ZenPack to model & monitor storage devices' S.M.A.R.T. status
- smartmontools
- Should work with versions 6.x and 7.x
- Potentially limited functionality with 5.x
- An account on the host, which can
- Log in via SSH with a key
- Use a bash-compatible shell
- Run the
smartctl
command with certain parameters via privilege escalation without password- This may not be required on some hosts, depending on configuration
- Currently tries to detect
dzdo
,doas
,pfexec
, andsudo
- ZenPackLib
Example entries in /etc/sudoers
Cmnd_Alias SMARTCTL = /usr/sbin/smartctl --info *
zenoss ALL=(ALL) NOPASSWD: SMARTCTL
zSmartDiskMapMatch
- Regex of device names for the modeler to match. If unset, there is no filtering, and all discovered devices (see below) are modeled.
zSmartIgnoreModels
- Regex of model names for the modeler to ignore. For SCSI devices with separate Vendor and Product fields, this compared against Vendor and Product joined with a space.
zSmartIgnoreUnsupported
- Skips modeling of devices reported to not support SMART. Defaults to True.
On systems other than macOS, SMART-supporting devices are discovered with smartctl --scan
.
This pack will not attempt to enable SMART on any device using smartctl --smart=on
or set any other parameter. Configuration of smartmon is outside the scope of this pack and document.
Due to the device name format that smartctl --scan
returns on macOS, devices are discovered using diskutil list
instead and results found not to support SMART are ignored.
NVMe devices may not be reported by smartctl --scan
, so discovery by ls /dev/nvme*
is also attempted.
Devices on HP Smart Arrays using the CCISS driver may not be reported by smartctl --scan
. Those and other non-reporting devices may be added manually to zenoss_smart.txt
in the home directory of the account used by Zenoss to access the target system. Entries should be one device per line, in the format of smartctl --scan
output.
Example:
/dev/sda -d cciss,1
/dev/sdb -d cciss,2
/dev/sdc -d cciss,3
Percentages come from the normalized "Value" columns as reported by smartctl --attributes
. Values in excess of 100 are scaled to 0-100.

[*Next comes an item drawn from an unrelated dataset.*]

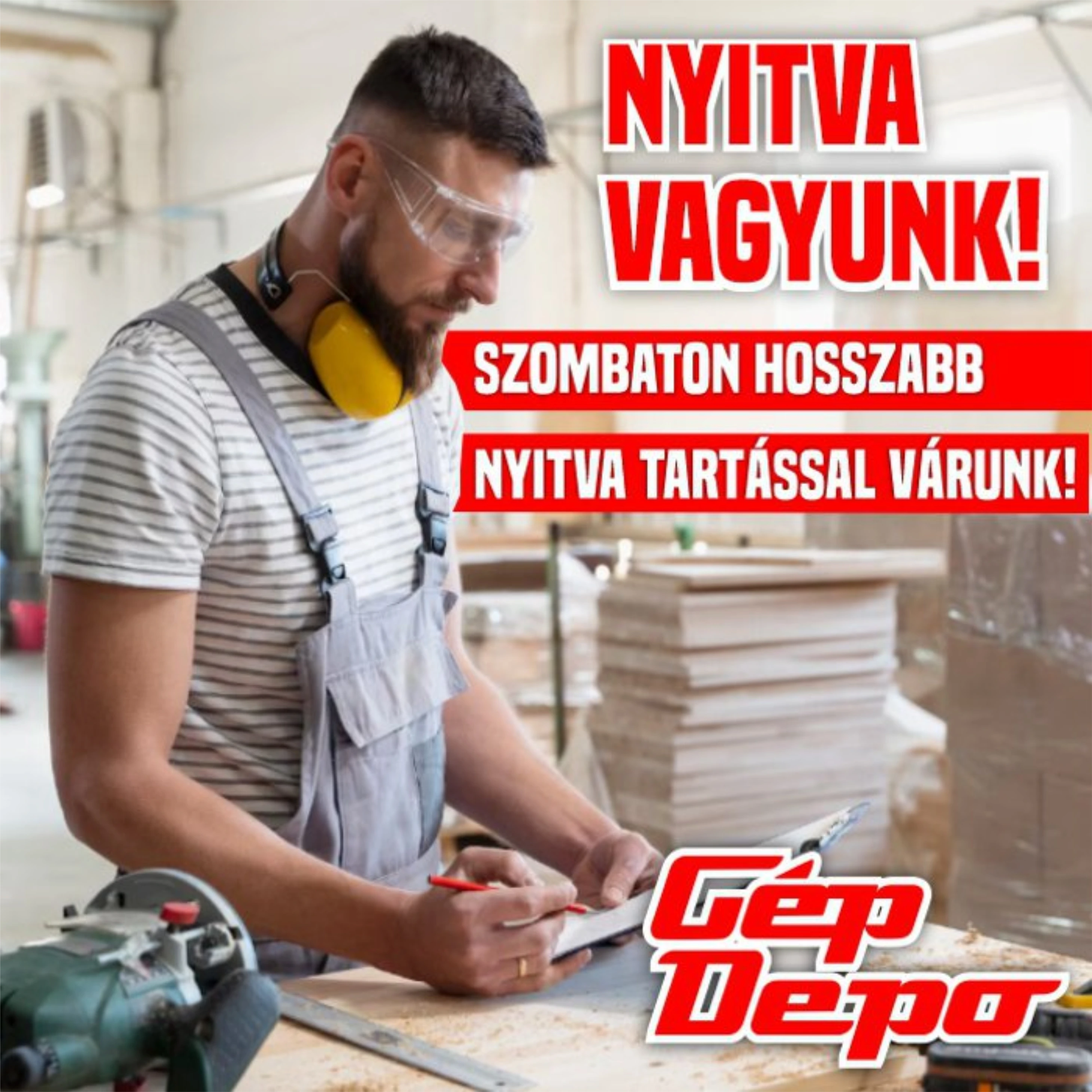 Férfi asztalos védőszemüvegben és fülvédővel egy műhelyben jegyzetel, háttérben raklapok és 'Nyitva vagyunk' hirdetés, Gép Depo logó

If a normalized value is at or below a non-zero threshold as reported by smartctl --attributes
, an event is generated. This is not based on thresholds in the performance template.
Some normalized health values may not be available on SCSI/SAS or NVMe devices, based on limitations of smartctl
output.
The normalized value of whichever of the following attributes is found first:
- 9 - Power On Hours
- 193 - Load Cycle Count
- 225 - Load/Unload Cycle Count
- 12 - Power Cycle Count
Failing that, percentage of accumulated load-unload cycles vs lifetime specified, or accumulated start-stop cycles vs lifetime specified.

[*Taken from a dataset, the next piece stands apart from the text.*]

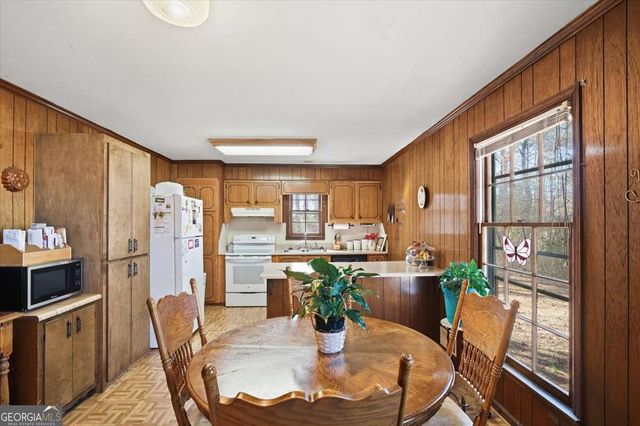 6304 Heardsville Road, Cumming, GA 30028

The normalized value for Raw_Read_Error_Rate
(1).
The normalized value for Reallocated_Sector_Ct
(5).
The normalized value of whichever of the following attributes is found first:
- 169 - Remaining Life Percentage
- 202 - Percent Lifetime Remain / Data Address Mark Errors
- 173 - Ave Block-Erase Count / Wear Leveling Count / Media Wearout Indicator
- 177 - Wear Leveling Count / Wear Range Delta
- 231 - SSD Life Left
Failing that, the Percentage Used Endurance Indicator
value from Device Stats or Percentage Used
from NVMe information is subtracted from 100.
Lowest normalized value reported that is NOT:
- Temperature
- 0 value with 0 threshold
- Used in the Rated Lifetime datapoint
- Used in the SSD Life datapoint
Current raw value counts for Reallocated_Sector_Ct
(5) and Offline_Uncorrectable
(198). Number of Reallocated Logical Sectors
is taken from Device Stats if Reallocated_Sector_Ct
is not present, or Elements in grown defect list
if Device Stats is not available.
Kingston SSDs may reset the attribute 198 counter at power-on, and consider the attribute to be "Uncorrectable Sector Count".
An event will be generated if either of these values is > 0. Increasing reallocation counts are treated as unique events that will not be deduplicated.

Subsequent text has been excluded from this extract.